What needs to be done:
Below are entries; output exactly the lines from the one with "Soleilla | Egyptian" to the one with "Sac fourre-tout réutilisable", both included, and nothing else.

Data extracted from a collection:
#####
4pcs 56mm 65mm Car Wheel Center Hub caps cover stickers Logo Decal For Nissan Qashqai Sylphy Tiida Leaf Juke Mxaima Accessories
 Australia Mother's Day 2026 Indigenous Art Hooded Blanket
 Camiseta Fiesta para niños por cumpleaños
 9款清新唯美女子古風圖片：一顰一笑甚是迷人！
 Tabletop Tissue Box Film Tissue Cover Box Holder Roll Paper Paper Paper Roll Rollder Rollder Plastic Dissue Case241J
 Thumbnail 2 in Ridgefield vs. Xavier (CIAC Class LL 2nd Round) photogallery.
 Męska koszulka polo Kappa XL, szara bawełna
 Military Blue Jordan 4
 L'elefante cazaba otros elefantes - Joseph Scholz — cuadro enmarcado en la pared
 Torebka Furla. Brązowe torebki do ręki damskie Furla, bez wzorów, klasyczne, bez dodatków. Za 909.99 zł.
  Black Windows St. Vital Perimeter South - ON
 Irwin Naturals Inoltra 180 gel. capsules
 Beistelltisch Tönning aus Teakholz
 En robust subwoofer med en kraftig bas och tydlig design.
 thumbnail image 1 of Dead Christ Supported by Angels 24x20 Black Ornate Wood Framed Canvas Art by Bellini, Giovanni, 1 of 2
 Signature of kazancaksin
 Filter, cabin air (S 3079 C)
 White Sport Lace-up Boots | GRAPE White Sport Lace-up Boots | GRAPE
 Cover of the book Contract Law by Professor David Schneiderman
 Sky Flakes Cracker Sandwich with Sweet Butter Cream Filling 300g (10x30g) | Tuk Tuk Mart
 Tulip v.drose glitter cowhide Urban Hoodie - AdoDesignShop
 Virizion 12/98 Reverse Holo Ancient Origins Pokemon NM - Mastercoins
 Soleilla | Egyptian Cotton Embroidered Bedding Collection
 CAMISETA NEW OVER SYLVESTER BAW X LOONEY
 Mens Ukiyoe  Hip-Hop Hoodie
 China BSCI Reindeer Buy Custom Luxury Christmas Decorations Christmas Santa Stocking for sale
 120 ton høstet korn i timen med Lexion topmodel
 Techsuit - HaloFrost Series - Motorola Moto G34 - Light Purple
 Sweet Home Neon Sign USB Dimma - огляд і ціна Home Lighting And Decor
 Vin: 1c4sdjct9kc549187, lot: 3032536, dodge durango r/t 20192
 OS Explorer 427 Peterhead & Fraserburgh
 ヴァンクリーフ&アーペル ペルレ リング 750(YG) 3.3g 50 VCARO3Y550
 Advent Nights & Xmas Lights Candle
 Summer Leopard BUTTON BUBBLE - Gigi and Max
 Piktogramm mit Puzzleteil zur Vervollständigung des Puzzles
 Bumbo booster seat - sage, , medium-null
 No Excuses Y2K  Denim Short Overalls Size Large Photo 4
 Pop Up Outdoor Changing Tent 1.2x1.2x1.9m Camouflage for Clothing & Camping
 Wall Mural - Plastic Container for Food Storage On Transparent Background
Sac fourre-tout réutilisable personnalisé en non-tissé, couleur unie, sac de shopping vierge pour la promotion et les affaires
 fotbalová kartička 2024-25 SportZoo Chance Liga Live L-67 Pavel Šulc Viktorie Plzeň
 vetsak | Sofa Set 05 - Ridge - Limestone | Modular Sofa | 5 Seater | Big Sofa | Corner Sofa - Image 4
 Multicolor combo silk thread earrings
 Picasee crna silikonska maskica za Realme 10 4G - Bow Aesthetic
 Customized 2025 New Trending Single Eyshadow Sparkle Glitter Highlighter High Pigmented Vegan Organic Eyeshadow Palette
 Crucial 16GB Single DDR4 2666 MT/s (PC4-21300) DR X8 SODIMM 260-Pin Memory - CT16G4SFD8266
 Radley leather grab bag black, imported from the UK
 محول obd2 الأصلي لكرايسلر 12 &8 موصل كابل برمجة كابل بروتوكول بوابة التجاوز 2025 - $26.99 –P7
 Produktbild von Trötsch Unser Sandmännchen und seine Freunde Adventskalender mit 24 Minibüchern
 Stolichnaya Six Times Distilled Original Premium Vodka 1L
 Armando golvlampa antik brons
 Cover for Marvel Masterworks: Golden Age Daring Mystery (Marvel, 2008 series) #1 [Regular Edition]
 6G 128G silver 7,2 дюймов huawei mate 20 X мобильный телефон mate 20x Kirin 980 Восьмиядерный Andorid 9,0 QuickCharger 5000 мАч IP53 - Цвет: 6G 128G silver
#####
Result for this exercise:
 Soleilla | Egyptian Cotton Embroidered Bedding Collection
 CAMISETA NEW OVER SYLVESTER BAW X LOONEY
 Mens Ukiyoe  Hip-Hop Hoodie
 China BSCI Reindeer Buy Custom Luxury Christmas Decorations Christmas Santa Stocking for sale
 120 ton høstet korn i timen med Lexion topmodel
 Techsuit - HaloFrost Series - Motorola Moto G34 - Light Purple
 Sweet Home Neon Sign USB Dimma - огляд і ціна Home Lighting And Decor
 Vin: 1c4sdjct9kc549187, lot: 3032536, dodge durango r/t 20192
 OS Explorer 427 Peterhead & Fraserburgh
 ヴァンクリーフ&アーペル ペルレ リング 750(YG) 3.3g 50 VCARO3Y550
 Advent Nights & Xmas Lights Candle
 Summer Leopard BUTTON BUBBLE - Gigi and Max
 Piktogramm mit Puzzleteil zur Vervollständigung des Puzzles
 Bumbo booster seat - sage, , medium-null
 No Excuses Y2K  Denim Short Overalls Size Large Photo 4
 Pop Up Outdoor Changing Tent 1.2x1.2x1.9m Camouflage for Clothing & Camping
 Wall Mural - Plastic Container for Food Storage On Transparent Background
Sac fourre-tout réutilisable personnalisé en non-tissé, couleur unie, sac de shopping vierge pour la promotion et les affaires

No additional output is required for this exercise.